Поэт даже не поступает так, как живописец и скульптор. Он не возвращает полученное от форм природы — природе. Ибо природа получила одежду разумом, он ее одел для отличия, одел все тончайшие ее отростки в обувь, платье, качество и т. д.
И поэт говорит лишь через одежду об одежде, о тех отличительных знаках, которые нужны разуму, его гастрономии, его ломбарду.
Для поэта не всегда солнце бывает солнцем, луна — луной, звезды — звездами. Поэт может перемешать все названия по-своему. Ведь может сказать, что потухло солнце.
Но с точки разума — оно вовсе не потухло, а зашло. Пользуясь совсем неподходящими средствами в поэте тоска и почти на редкость бывают стихотворения, где бы поэт не плакал, не тосковал, кроме <своего> горя — невозможности передать то, что хотел сказать о природе, ибо хотел говорить о природе, а говорит в стихотворении об одежде, о слове. А она хотя и сшита хорошо, но все же не то тело, о котором хотелось говорить.
Еще впуталась «она», «любовь», «Венера» — с ней поэт совсем закис, застонал и ищет спасения в смерти.

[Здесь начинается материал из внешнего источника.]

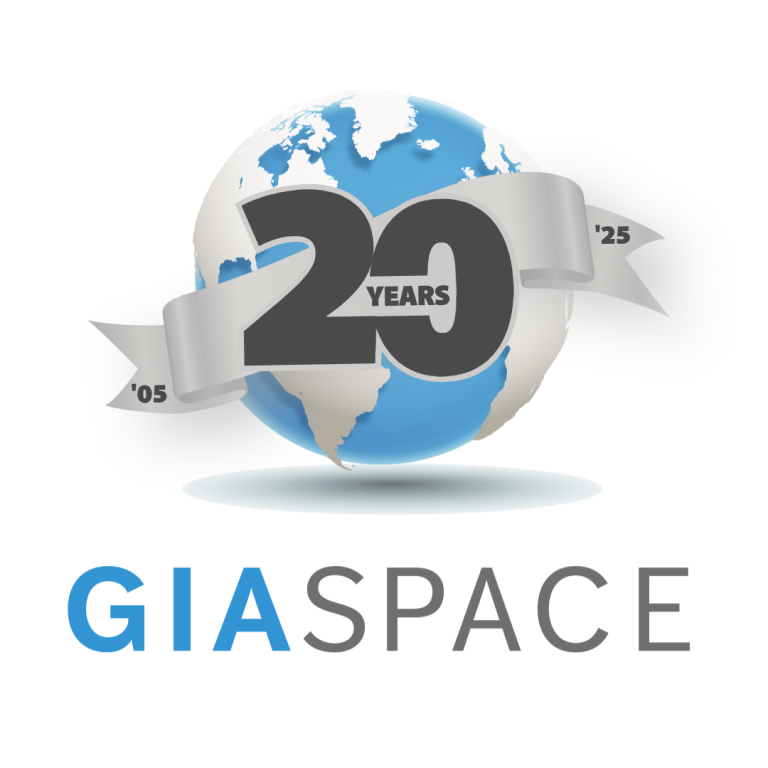 Global anniversary emblem: blue-and-white globe with a silver ribbon wrapping around it that reads '20 YEARS'.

Поэту присущи ритм и темп и для него нет грамматики, нет слов, ибо сами поэты говорят, что мысль изреченная — есть ложь[79], но я бы сказал, что мысли еще присущи слова, а есть еще нечто, что потоньше мысли и легче и гибче. Вот это изречь уже не только что ложно, но даже совсем передать словами нельзя.
Это «нечто» каждый поэт и цветописец-музыкант чувствует и стремится выразить, но когда соберется выражать, то из этого тонкого, легкого, гибкого — получается «она», «любовь», «Венера», «Аполлон», Наяды и т. д. Не пух, а уже тяжеловесный матрац, со всеми его особенностями.

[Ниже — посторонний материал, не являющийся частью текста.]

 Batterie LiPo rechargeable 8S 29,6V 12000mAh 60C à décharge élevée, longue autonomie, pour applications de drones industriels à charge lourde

Ритм поэты чувствуют, но силу его, силу своего настоящего употребляют как спаивающее средство. Себя обкладывают предметами, подчищая их, подтачивая, или просто подбирая друг к другу, и спаивают, связывают ритмом. Самое подбирание и оставление форм в темпе и ритме и есть характерность, отделяющая поэта от поэта.
Сходство их в пользовании одними и теми же вещами и песни о «ней» в постановке есть мастерство. Пушкин достиг большого мастерства, может быть, и многие другие достигли, и достигают молодые поэты.

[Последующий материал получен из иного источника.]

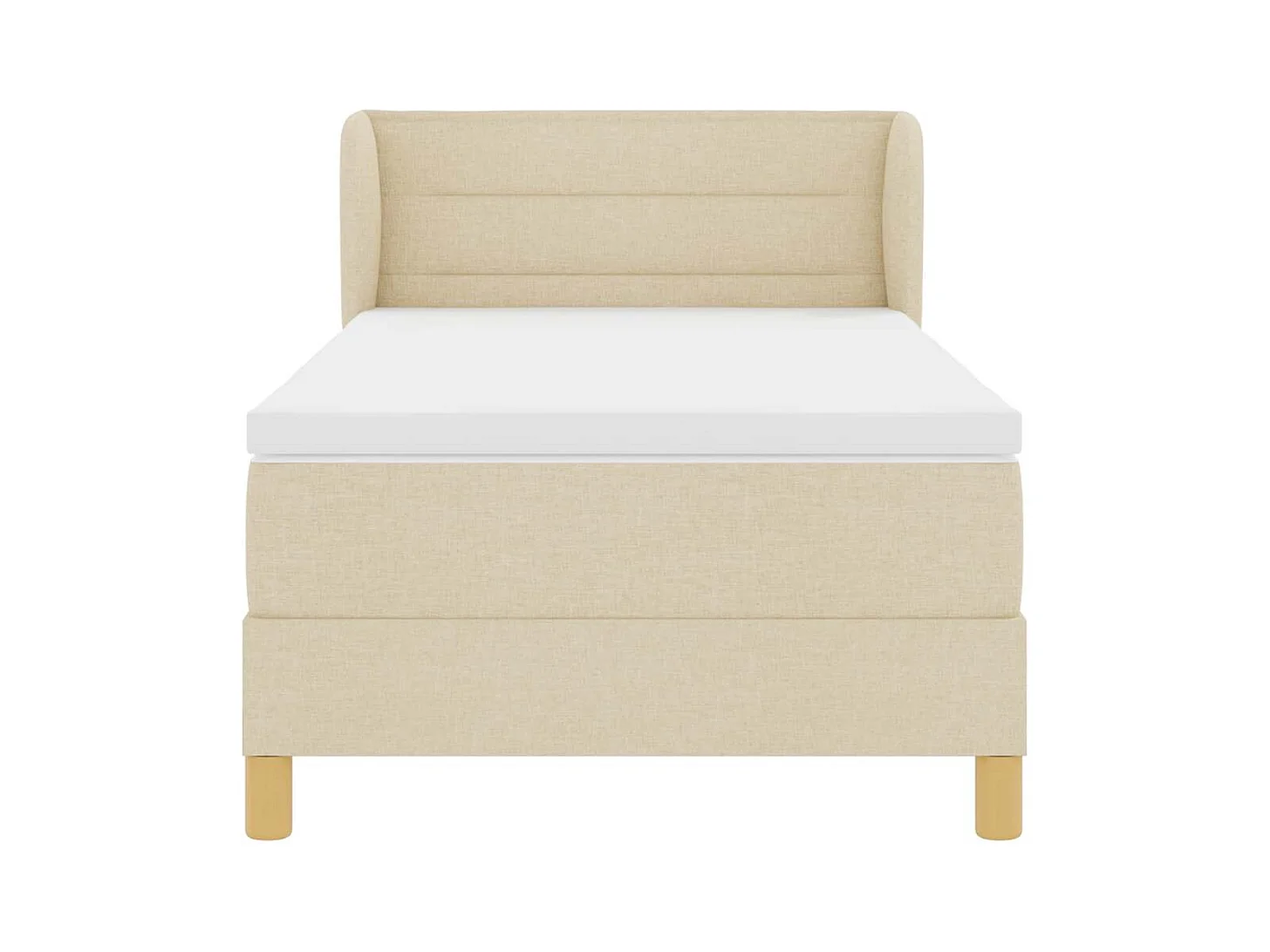 Cadre de lit avec Matelas Crème 90x200 cm Tissu Crème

Но мастерство как таковое грубое, ремесленное даже в том случае, когда говорят о художественности и еще вплетают «красота», а если хотят еще тоньше выразить, говорят «одна поэзия».
Поэт есть особа, которая не знает себе подобной, не знает мастерства или не знает, как повернется его Бог. Он сам внутри себя, <он не знает,> какая буря возникнет и исчезнет, какого ритма и темпа она будет. Разве может в минуты, когда великий пожар возникает в нем, думать о шлифовании, оттачивании и описании.